Note that I don't dismiss the approach out of hand. I just think it's 
important to properly understand the purported performance improvements. 
At the same time, I don't think it's good for the planet to burn cores 
with busy-looping without good reason.

Thanks,
Martin

Joe Damato Feb. 5, 2025, 3:18 a.m. UTC | #3

On Wed, Feb 05, 2025 at 12:10:48AM +0000, Samiullah Khawaja wrote:
> Extend the already existing support of threaded napi poll to do continuous
> busy polling.

[...]

Overall, +1 to everything Martin said in his response.
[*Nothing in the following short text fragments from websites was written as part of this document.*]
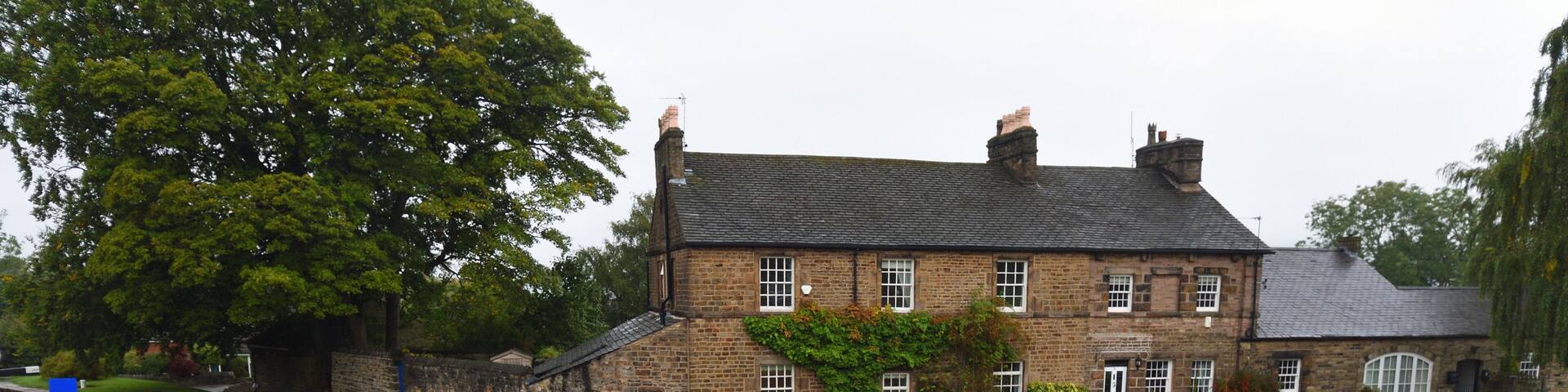 A narrowboat on a calm canal, a stone house with a garden, and a large tree in the background.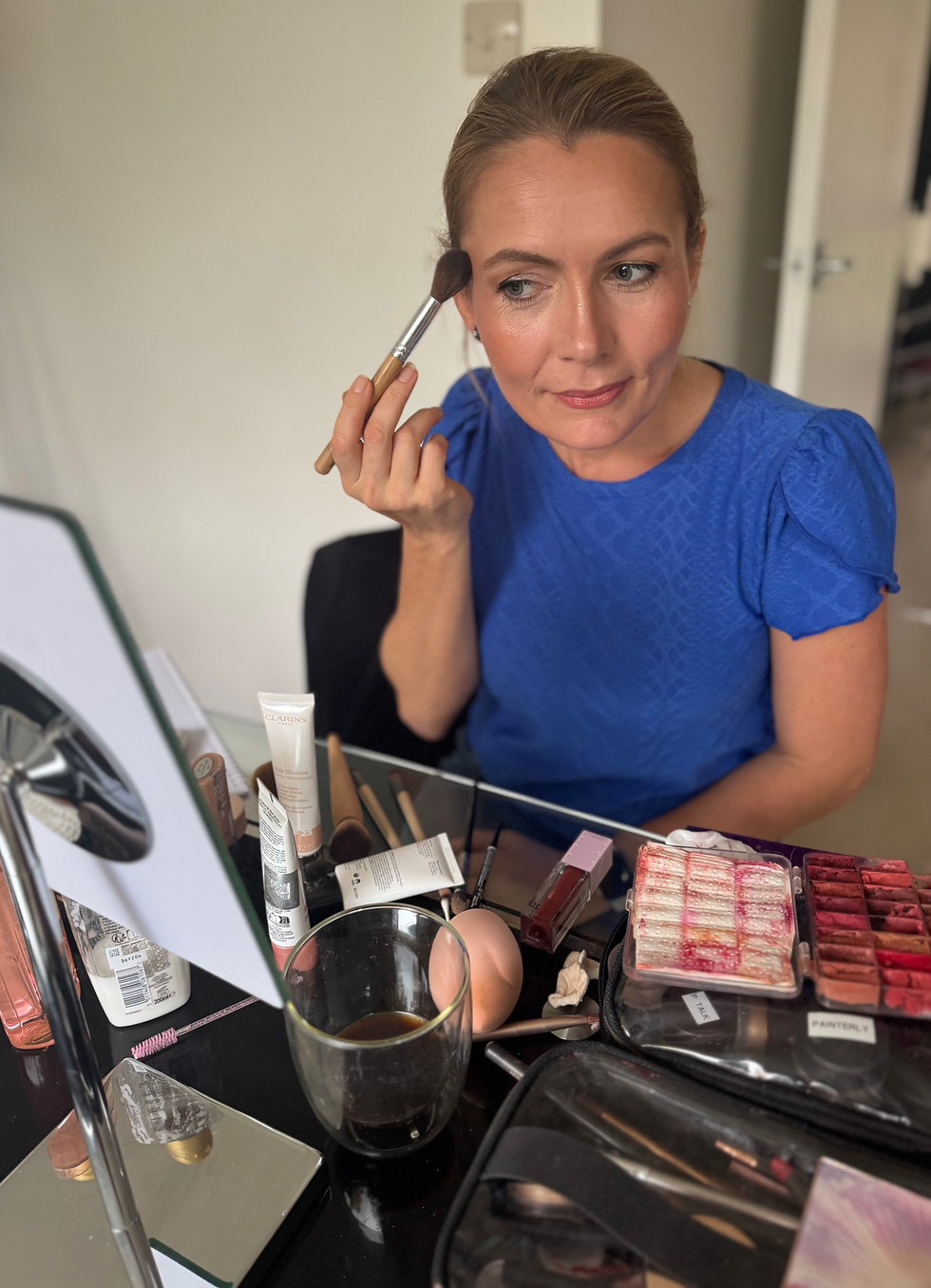 a lady applies makeup in a mirror during a makeup lesson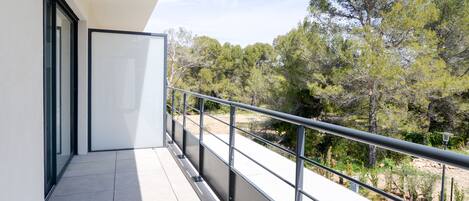 A balcony with a metal railing overlooking a natural landscape with trees and shrubs.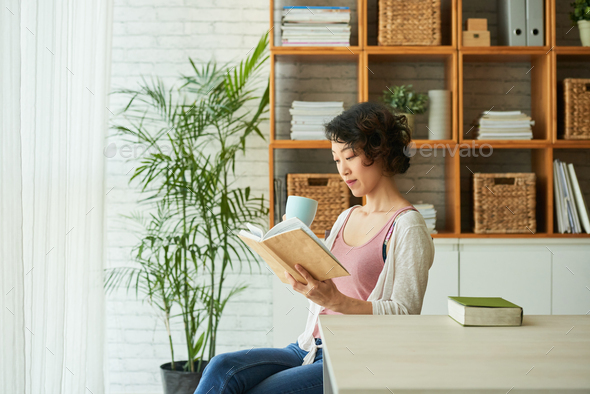 Wrapped up in Reading Novel - Stock Photo - Images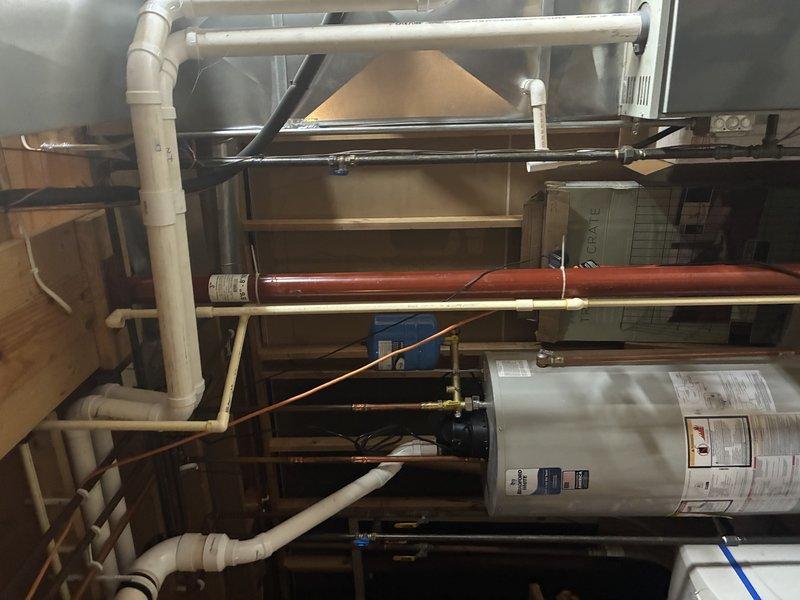 Completed installation of dual-tank water treatment and filtration system in residential basement utility area. System includes two fiberglass filtration tanks with digital control valve, integrated with existing plumbing infrastructure and water heater. All piping connections, electrical components, and control panel successfully installed and tested for proper operation.
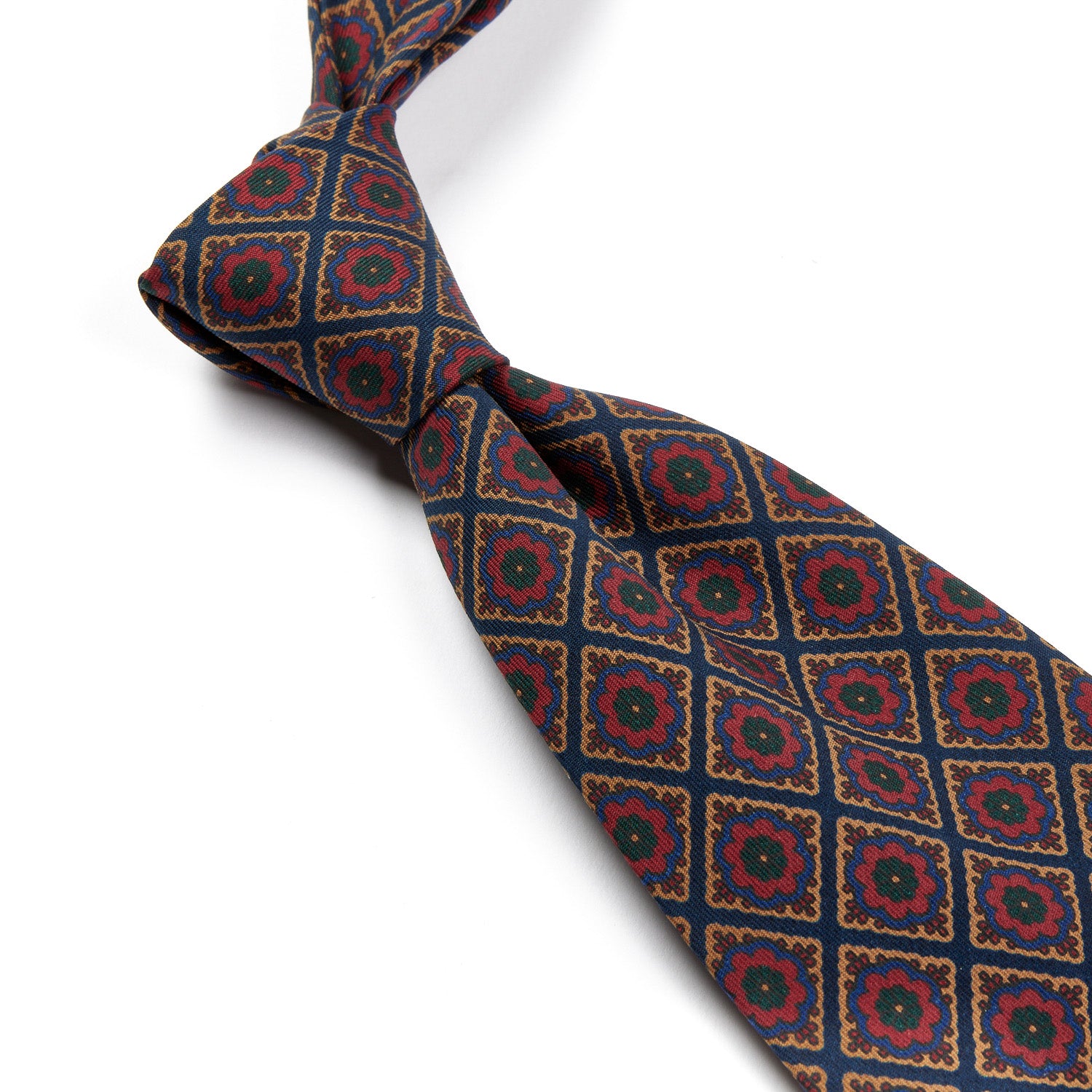 A Sovereign Grade Dark Navy/Red Oversized Medallion Ancient Madder Tie made by KirbyAllison.com with a red, green and blue pattern made of 100% English silk.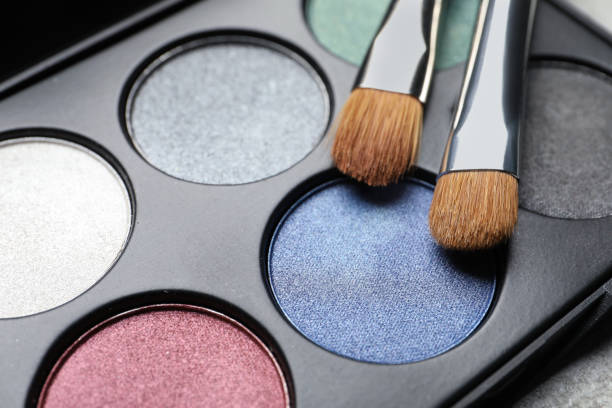 istock Beautiful eye shadow palette and brushes on grey table, closeup 1820755752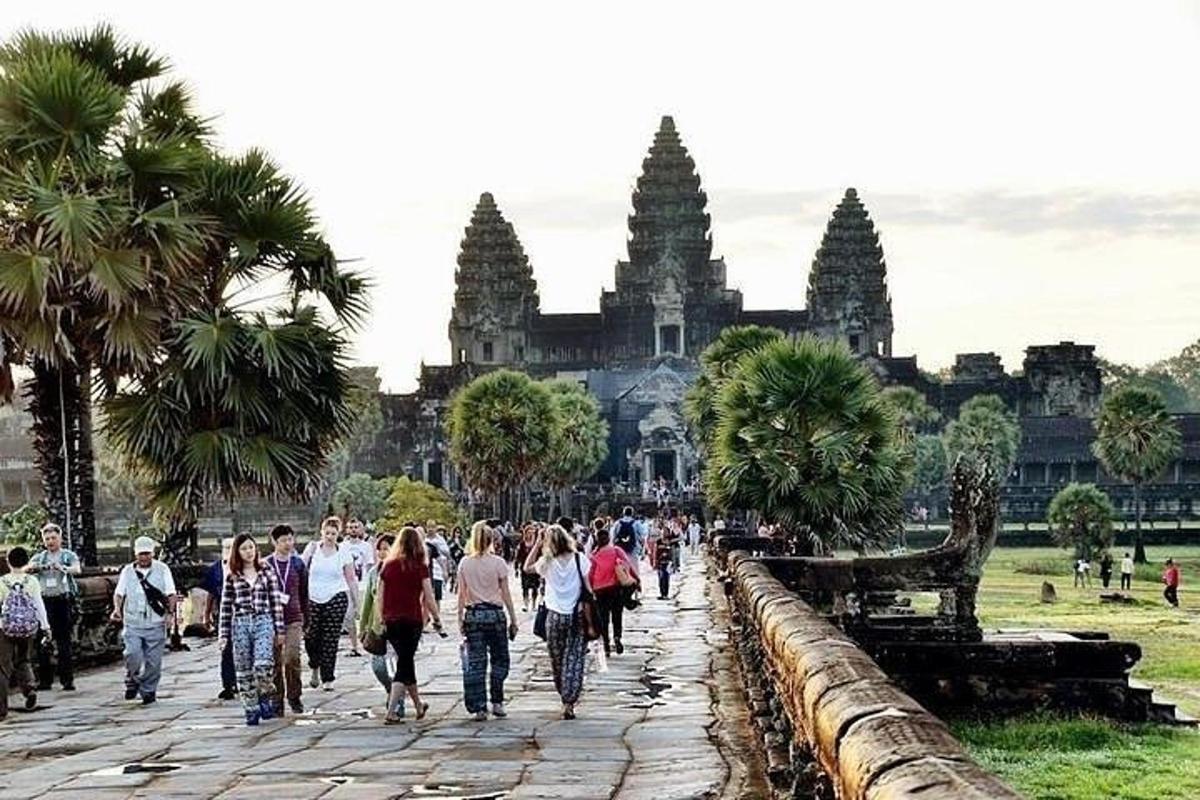 a group of people walking in front of a temple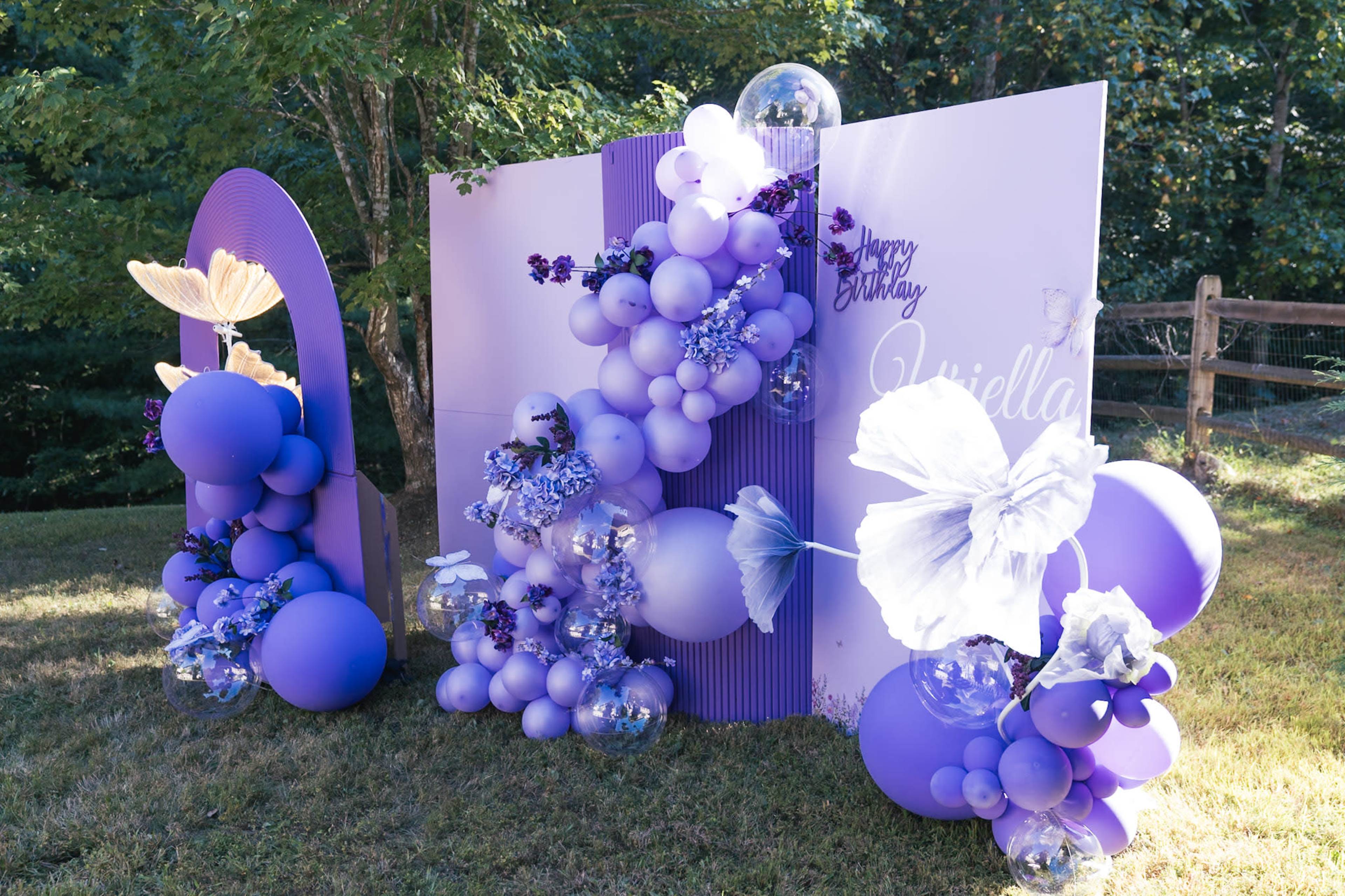 A colorful birthday backdrop featuring purple balloons, flowers, and a large birthday greeting is set in a grassy outdoor area.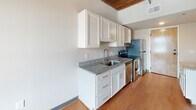 Located at 12 S 17th St in Richmond, VA, this single-floor unit masterfully combines historic industrial character with contemporary updates. The living area is defined by striking exposed brick walls, original heavy timber wood-beam ceilings, and warm hardwood flooring that together create an authentic loft-style ambiance. Large windows set within the brick allow natural light to fill the space while offering views of the surrounding Shockoe Bottom neighborhood.

The kitchen features white shaker-style cabinetry, granite countertops, a stainless steel sink, and a full suite of stainless steel appliances including a refrigerator, electric range, and dishwasher. Hardwood flooring continues throughout the kitchen, which also includes a louvered-door closet for additional storage.

The bedroom continues the building's historic character with exposed brick, wood-beam ceilings, and a large arched window, while plush carpeting underfoot adds comfort. Two bathrooms serve the unit: one features a granite-topped vanity with an LED-framed mirror and a stacked in-unit washer/dryer, while the second offers a full soaking tub with shower. Clean white walls throughout provide a bright, modern contrast to the rich historic architectural details.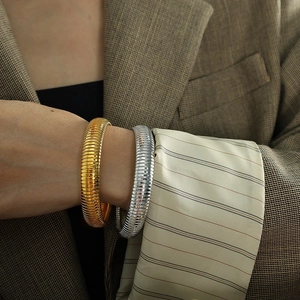Polished silver and gold Tubogas snake chain bracelets on a model wearing a brown blazer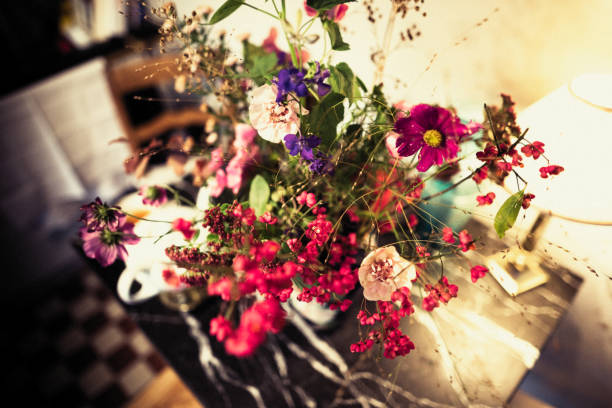 Plastic flowers glass vase on wooden table in blurred bakery shop with selective focus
I think I'd
like to try to reproduce this myself to better understand the stated
numbers below.

IMHO: the cover letter needs more details.

> 
> Setup:
> 
> - Running on Google C3 VMs with idpf driver with following configurations.
> - IRQ affinity and coalascing is common for both experiments.

As Martin suggested, a lot more detail here would be helpful.

> - There is only 1 RX/TX queue configured.
> - First experiment enables busy poll using sysctl for both epoll and
>   socket APIs.
> - Second experiment enables NAPI threaded busy poll for the full device
>   using sysctl.
> 
> Non threaded NAPI busy poll enabled using sysctl.
> ```
> echo 400 | sudo tee /proc/sys/net/core/busy_poll
> echo 400 | sudo tee /proc/sys/net/core/busy_read

I'm not sure why busy_read is enabled here?

Maybe more details on how exactly the internals of onload+neper work
would explain it, but I presume it's an epoll_wait loop with
non-blocking reads so busy_read wouldn't do anything?

> echo 2 | sudo tee /sys/class/net/eth0/napi_defer_hard_irqs
> echo 15000  | sudo tee /sys/class/net/eth0/gro_flush_timeout
> ```

The deferral amounts above are relatively small, which makes me
wonder if you are seeing IRQ and softIRQ interference in the base
case?

I ask because it seems like in the test case (if I read the patch
correctly) the processing of packets happens when BH is disabled.

Did I get that right?

If so, then:
  - In the base case, IRQs can be generated and softirq can interfere
    with packet processing.

  - In the test case, packet processing happens but BH is disabled,
    reducing interference.

If I got that right, it sounds like IRQ suspension would show good
results in this case, too, and it's probably worth comparing IRQ
suspension in the onload+neper setup.

It seems like it shouldn't be too difficult to get onload+neper
using it and the data would be very enlightening.